Ткань – дешевый предмет советского производства – под руками Новикова обретает символическое пространство, превращается в картину. Новиков восстанавливает разрушенную в XX веке естественную связь культуры и повседневной жизни, предназначая свои картины на тканях украшению интерьера – и музея, и простой спальни. Штапель, из которого шьют халатики, становится солнечным горизонтом, ацетатный шелк, идущий на самые бедные нарядные платья, – полем. А зритель этого типично советского сюжета оказывается небожителем, потому что Новиков своей знаковой перспективой [542] открывает ему зрение-в-полете, в парящей воздушной мандорле, откуда виден весь свет и живые движущиеся знаки покойно устроенного человеческого мира на этом свете – равнина и солнце, поле и пашущий трактор [543] .
542
Знаковая перспектива разработана Новиковым в 1980-х гг. как универсальная система адаптации трехмерного мира к плоскости. Она основана на изображении двухчастной плоскости, которую пространственно активирует смысловой знак-пиктограмма, превращая части композиции в сферы воздуха, воды или земли. Знаковая перспектива понятна любому зрителю и благодаря условности цвета плоскостей дает художнику большую свободу внутри канона.
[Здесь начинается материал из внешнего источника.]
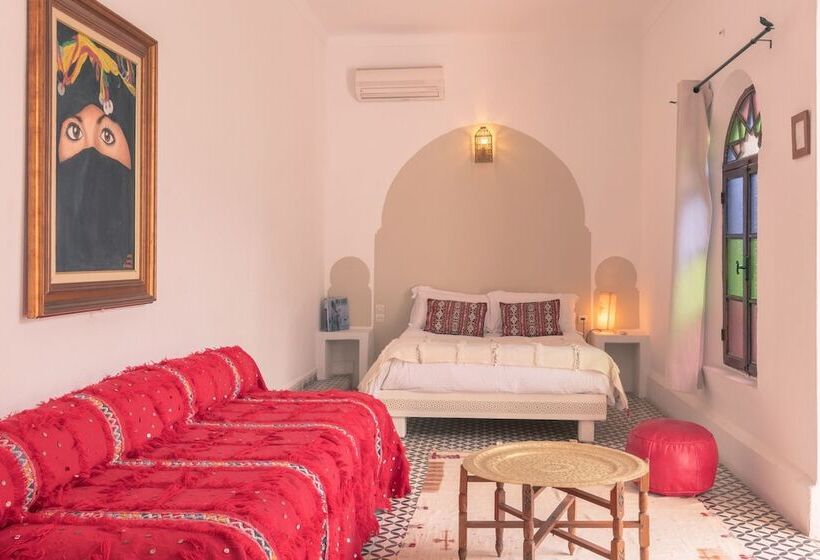 标准间, Riad Dar Nawfal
Она соединяет принципы компьютерного пространства с композицией иконы, машинную цивилизацию и традиционную символику (см.: Там же. С. 18, 23). Ближайший аналог знаковой перспективы – «Красная конница» Малевича. Однако в картине Малевича движение происходит вдоль линии горизонта при пассивных верхней и нижней частях композиции, что создает впечатление дисгармонии, поскольку горизонт превращается в гусеницу или змею. Эту дисгармонию и тематизировал Э. Булатов в своем знаменитом «Горизонте». Знаковая перспектива Новикова – это свободный, ясный горизонт, возвращающий миру покой.
543
Кабаков еще в 1970-х гг. пришел к идее использования тканей, причем с той же идеологией «бытовой нормализации» искусства, что и Новиков. По словам Пепперштейна, «Коллективные Действия следовали за Кабаковым, который также использовал подобную „мещанскую“ материю для оформления коробок своих альбомов. Таким образом, в практике КД понятие „культура“ претерпевало некое оздоровляющее, нормализующее снижение от так называемой „духовной культуры“ к „культуре быта“… чтобы затем снова пережить быстрый подъем к „культуре переживаний“» (Пепперштейн П. Цветы в раме // Ануфриев С. Пепперштейн П. Девяностые годы. М., 1999. С. 160). Однако же у Кабакова ткань ничего не приобретает, побывав искусством, тогда как у Новикова она испытывает сказочное превращение из куска мануфактуры в картину. Картина Новикова выдерживает и обратное превращение: помню, как мать Тимура, Галина Васильевна, женщина эксцентричная, гуляла по Литейному проспекту в розовых солнечных очках, таком же плаще и длинном синем сарафане с корабликом, который она себе самовольно сшила из картины сына. Когда Галина Васильевна умерла, Тимур совершил обратное превращение сарафана в картину с корабликом.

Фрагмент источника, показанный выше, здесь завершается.